ACTION ITEM: Retype, word for word, every line starting at the line with "R838 Capistrano Playa" and ending with the final line of the entries; skip the pictures.

SUPPLIED INFORMATION:
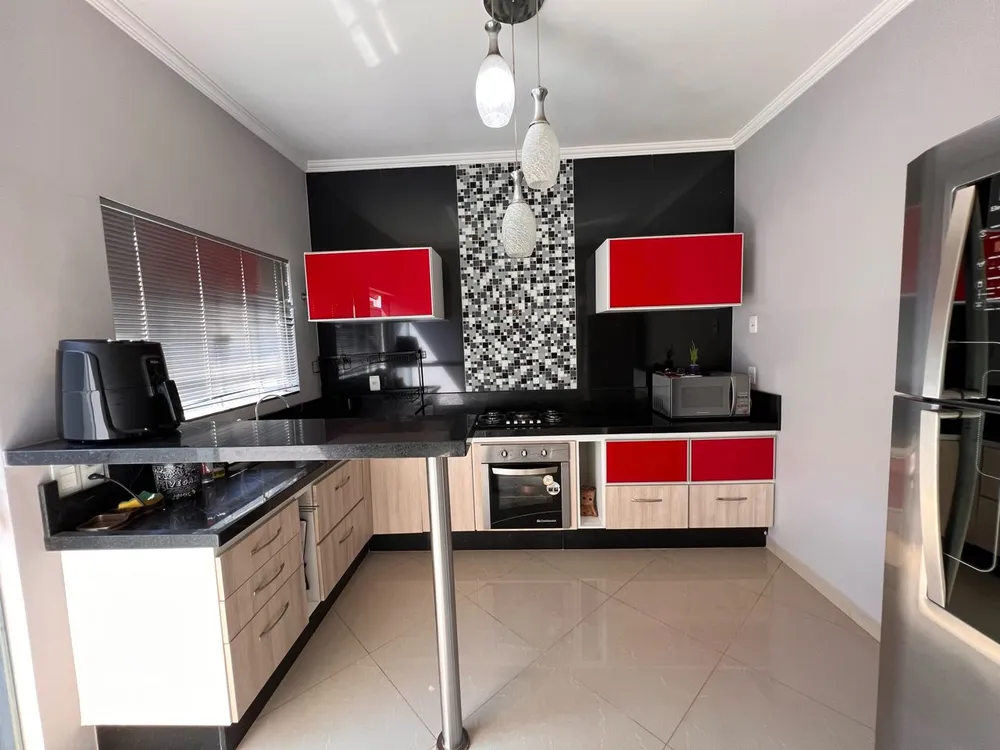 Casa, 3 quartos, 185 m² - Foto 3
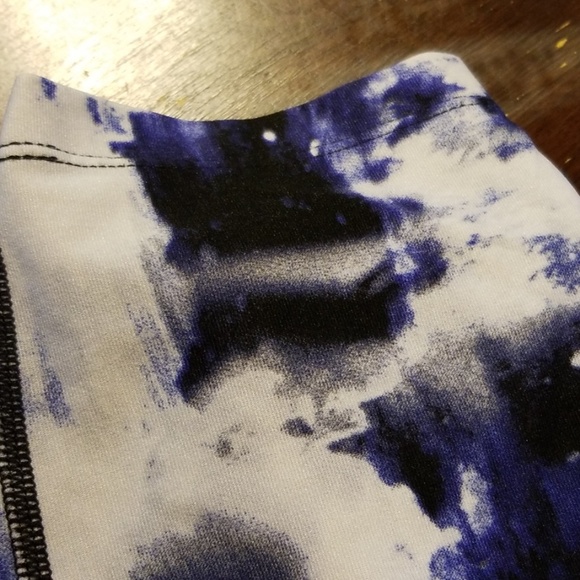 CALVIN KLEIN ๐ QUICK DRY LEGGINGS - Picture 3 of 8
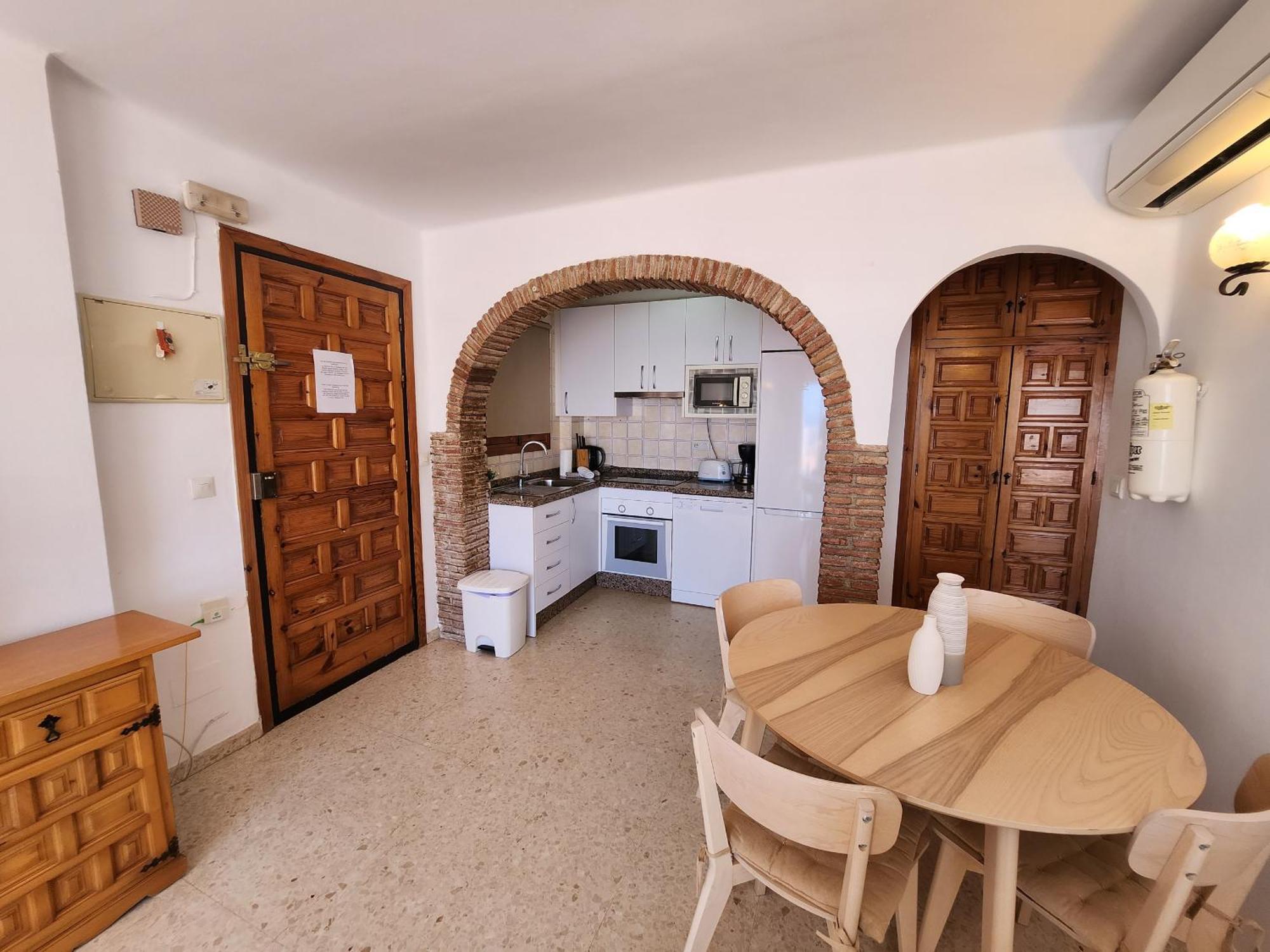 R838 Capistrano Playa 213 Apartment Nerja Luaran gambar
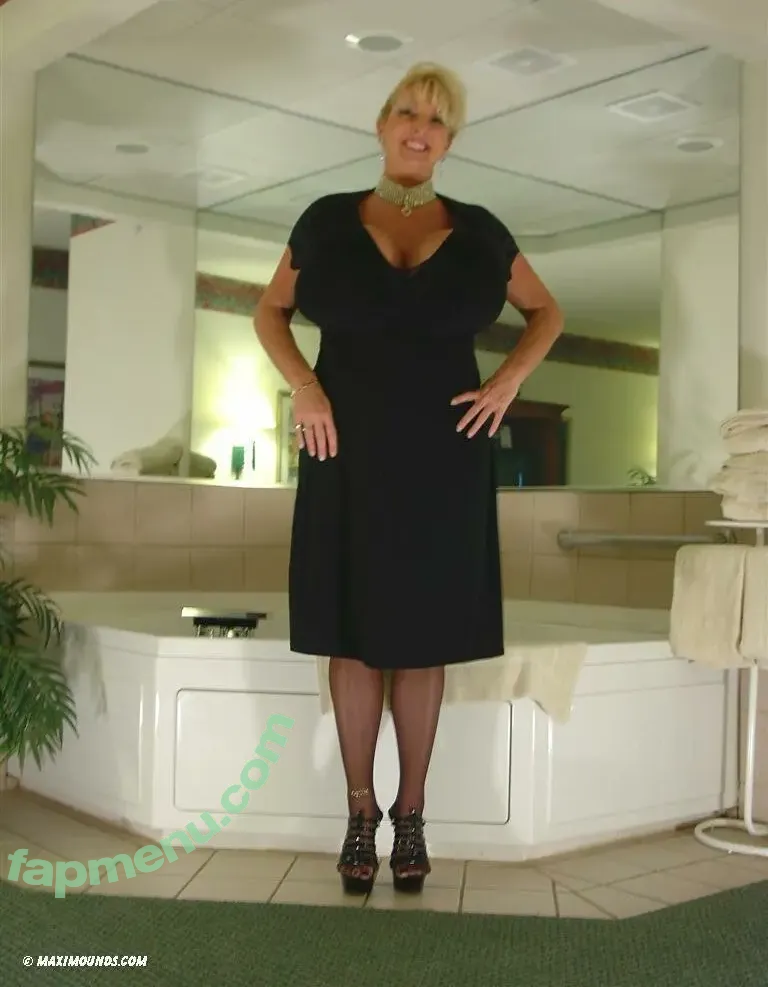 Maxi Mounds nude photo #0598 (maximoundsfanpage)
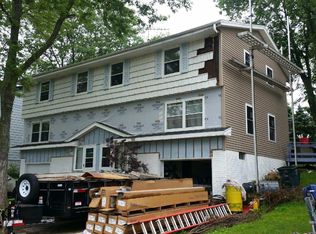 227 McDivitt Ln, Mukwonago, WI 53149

RESULT OF THIS EXERCISE:
 R838 Capistrano Playa 213 Apartment Nerja Luaran gambar
 Maxi Mounds nude photo #0598 (maximoundsfanpage)
 227 McDivitt Ln, Mukwonago, WI 53149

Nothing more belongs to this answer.